怜人がMKウイルスの特効薬を作ると言い出したことで、政府上層部は彼の予想できない行動に頭を議論を交わしていた。
国務長官が
「まさかナンバー2があんなことを言い出すとは」
と言えば、技術長官は
「医学生ごときが特効薬を作るだと?ジェンナーか北里の生まれ変わりか何かのつもりかこいつは?」と、憤りを露にする。
それに民生長官は
「その通りよ。余計なことばかりして全然人類のためにならないわ」
と、同意する。
国務長官はあくまで怜人を擁護する発言を続けるが、それを技術長官が否定し、ただ子作りだけしてればいいんだよと、種馬としての扱いを変えようとしない。
それをまた国務長官が宥めながら、
「幸い、今はナンバー1がメイティングに励んでいるから様子を見よう」
と言って話の矛先を逸らす。
それでも技術長官は火野と怜人を比べて、ふにゃチン野郎とこき下ろしながら、
「なんでこいつが生きててあの人が・・・」
と、誰かへの未練を覗かせた。
総務長官が
「そろそろ計画を次のステージに進めましょうよ。本部も彼らの存在に気付くはずよ」
と言い出すと、国務長官が
「そうなると、先手を打たねば我々の管理下には置けなくなるだろうな」
と懸念を示し、それに民生長官が
「そんなのだめに決まってるわ!」
と、声を荒げた。
そして、準備が整い次第、ナンバー3を目覚めさせることが決まった。
怜人は絵理沙が残した資料を元に研究を進めていた。
結晶化が困難で構造解析できていないから、抗ウイルス薬ではなくワクチンの研究に絞って絵理沙は進めていたようだ。

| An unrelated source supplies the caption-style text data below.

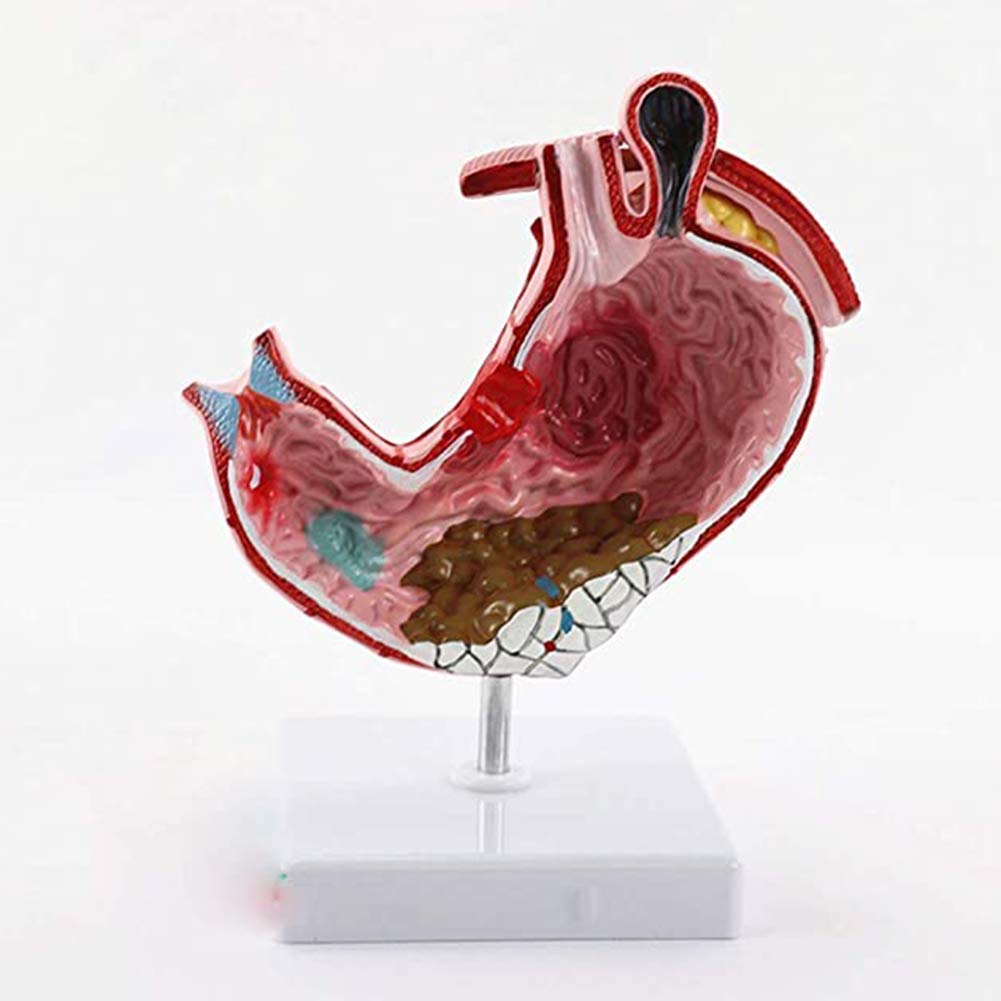 Buy DBSCD Stomach Anatomy Model, Anatomical Model 11 Human tric Lesion
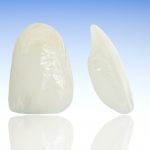 e-maxセラミッククラウンで白すぎない天然の歯に似た差し歯を作る審美歯科治療
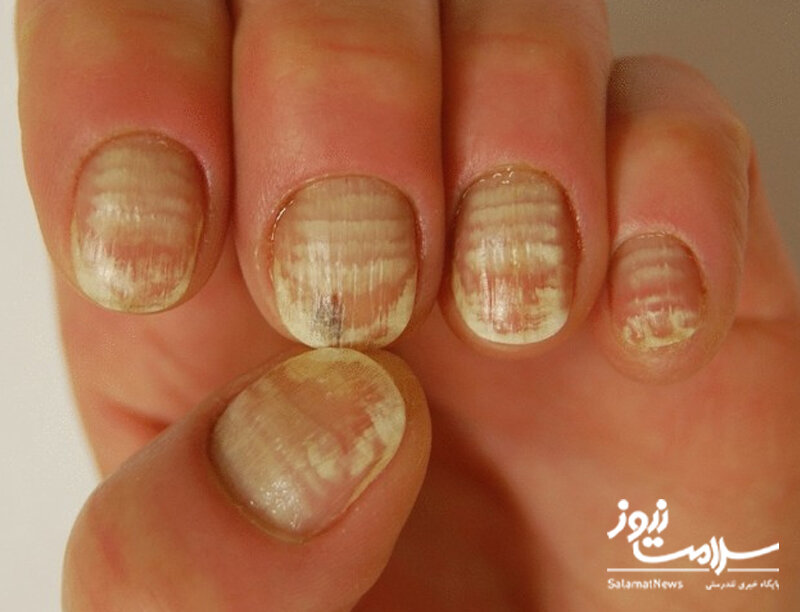 علائم هشدار دهنده «بیماری کلیوی» که روی پوست ظاهر میشوند/ این نشانهها را جدی بگیرید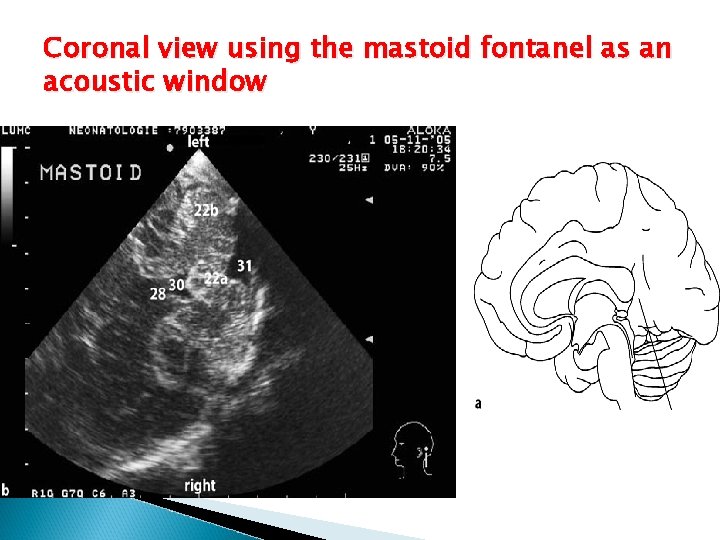 Coronal view using the mastoid fontanel as an acoustic window 
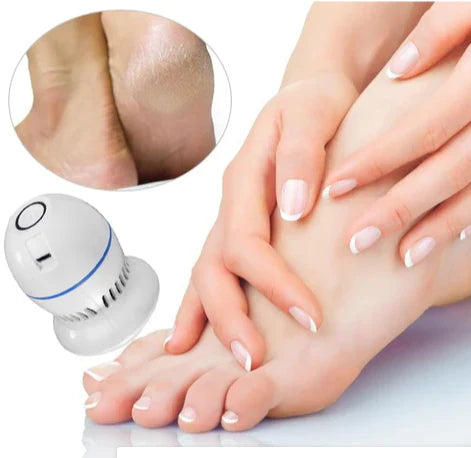 Beauty Feet | Removedor de callos y grietas + REGALO SORPRESA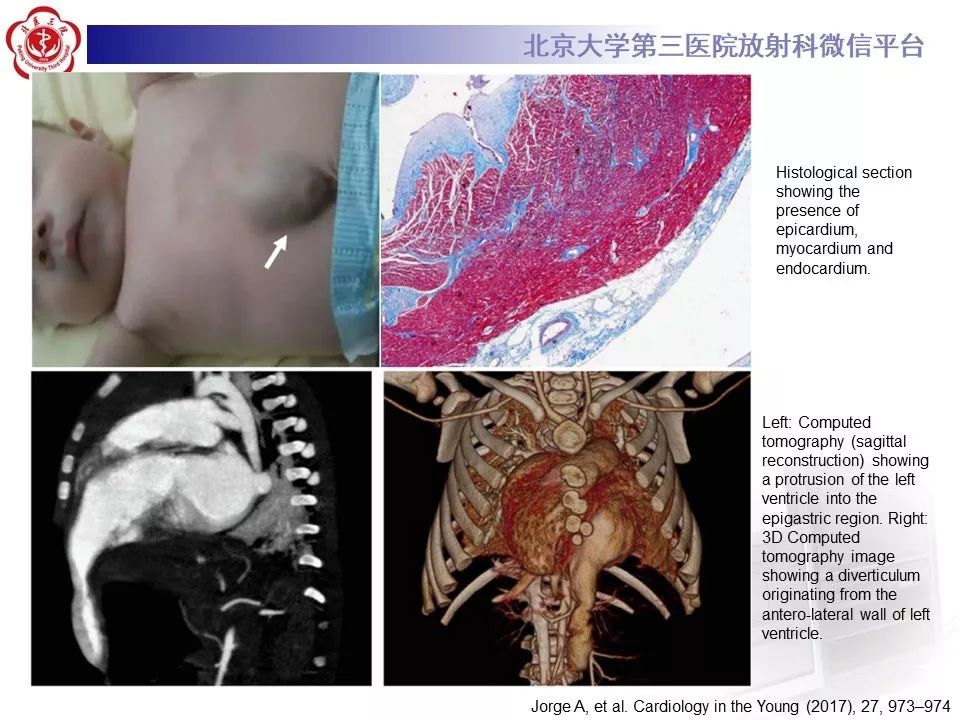 【PPT】心脏憩室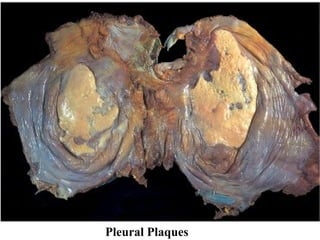 Pleural Plaques
 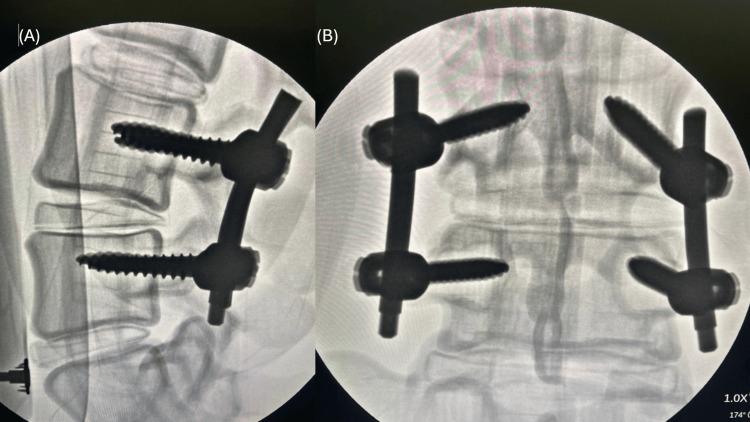 https://cdn.ncbi.nlm.nih.gov/pmc/blobs/a343/12033040/cb48a06030f3/cureus-0017-00000081297-i04.jpg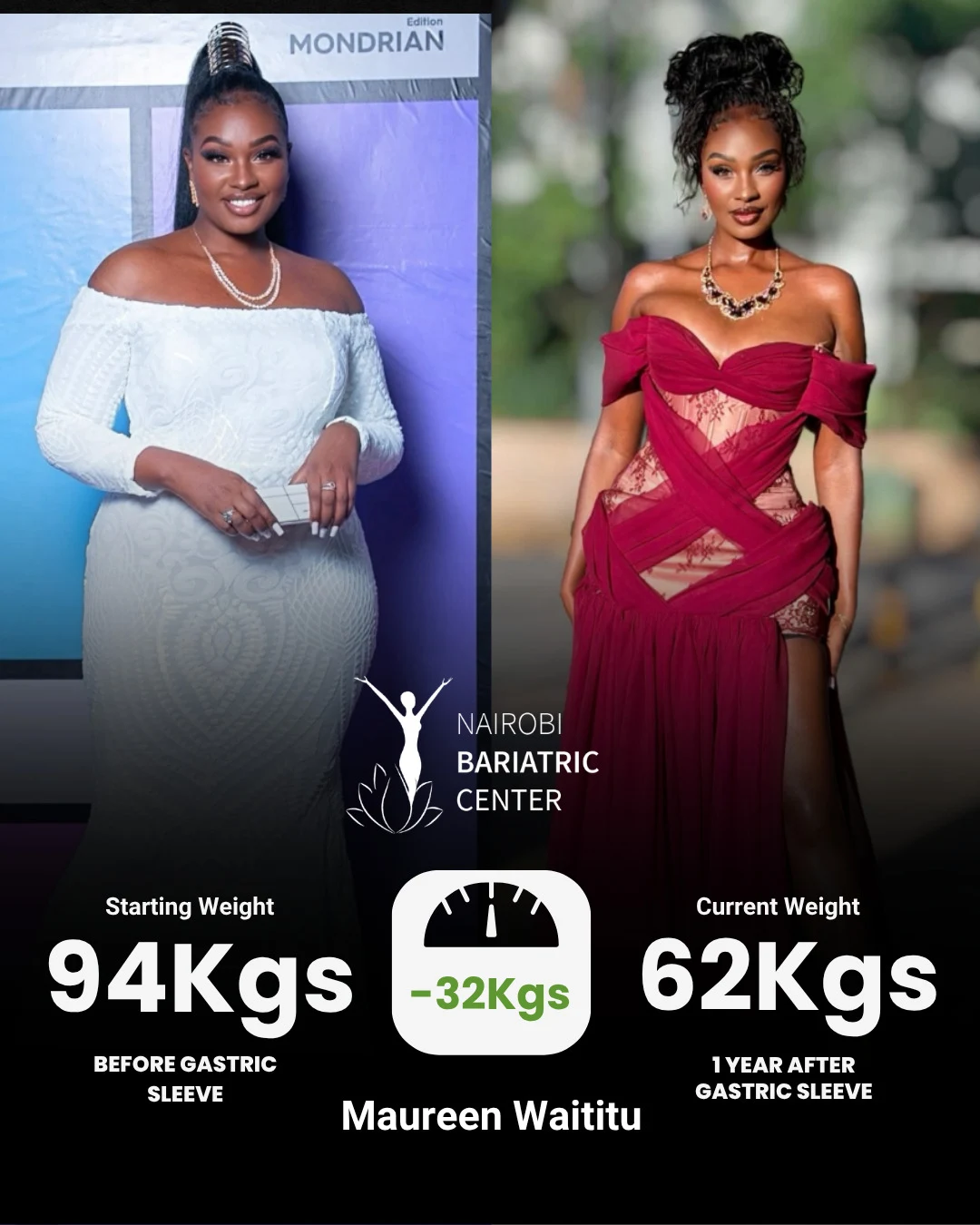 Maureen Waititu — Gastric Sleeve
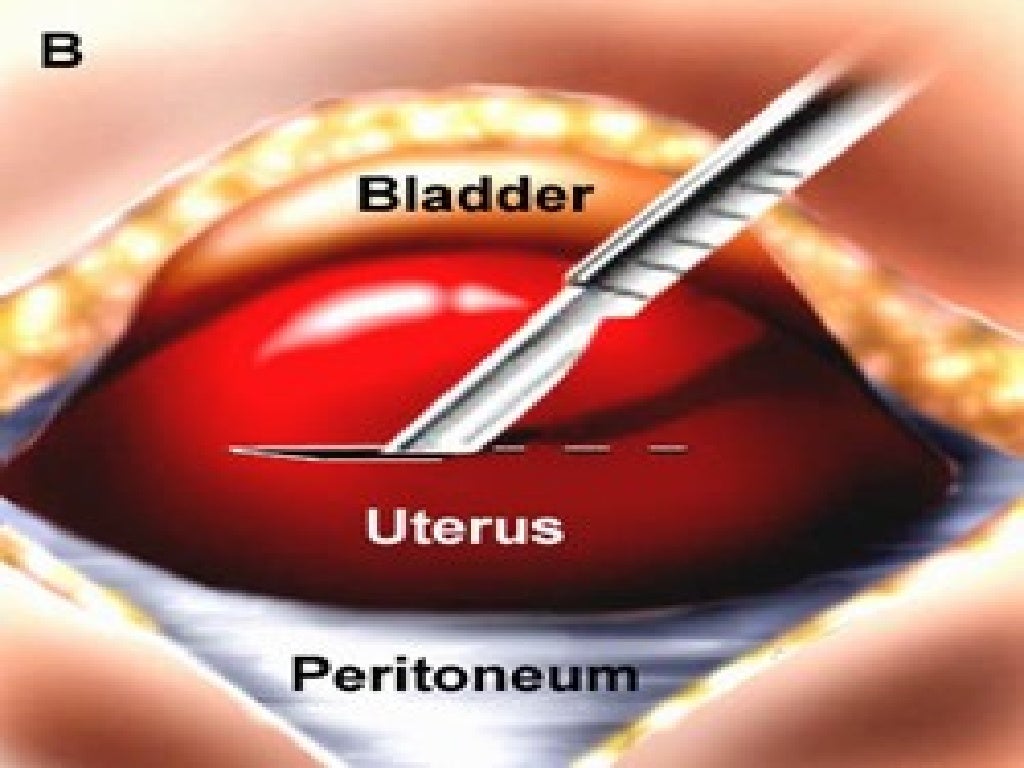 Caesarean Section caesarean-section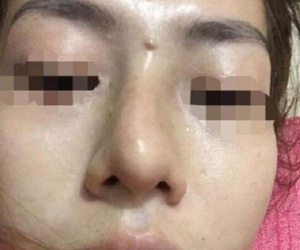 Giấu mẹ đi nâng mũi giá 2 triệu lại được trả góp, bé gái 13 tuổi ở Yên Bái bị mù một bên mắt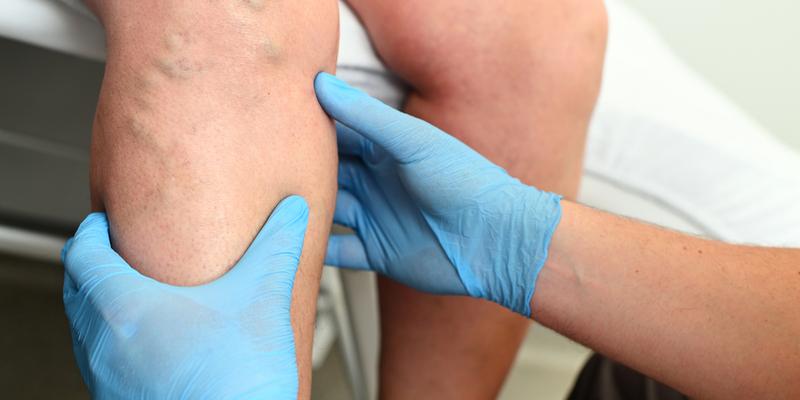 Varicose & Spider Veins, Symptoms and Treatment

とは言え、あまりに情報が少なすぎて時間が過ぎるだけだったので、一息入れることにした。
ふと横を見れば、研究に付き合ってくれていた翠が、いつの間にか机に頭を乗せて寝息を立てていた。
起こさないよう静かに椅子から立ち、トイレの個室で落ち着いた時間を過ごそうと思った。
するとそこに、朱音が普通の部屋に入るかのように入ってきた。
「あ、朱音さん!なんでここに!?」
「アンタの健康状態を把握するのがアタシの務めだからね。翠だって同じさ・・・姿が見えなくたって、ずっと傍にいる」
そう言いながら、有無を言わせず怜人に跨ってきた。
「こんなことされたら、むしろ健康に悪いですよ!」
と、彼は拒絶しようとするが、追い詰められた状態ではまともに抵抗できず、手を引かれて豊満な胸に導かれた。
右手はスカートの中に滑りこまされ
「この身体、好きにしていいんだよ?」
と、魅惑の言葉で彼の理性を吹き飛ばさせようとする。
それでも掴んでくる手を引き剥がし、一目散に逃げ出した。
だが朱音は断られたショックを見せることなく、彼のガードの高さに賞賛と呆れを合わせたような笑みを零した。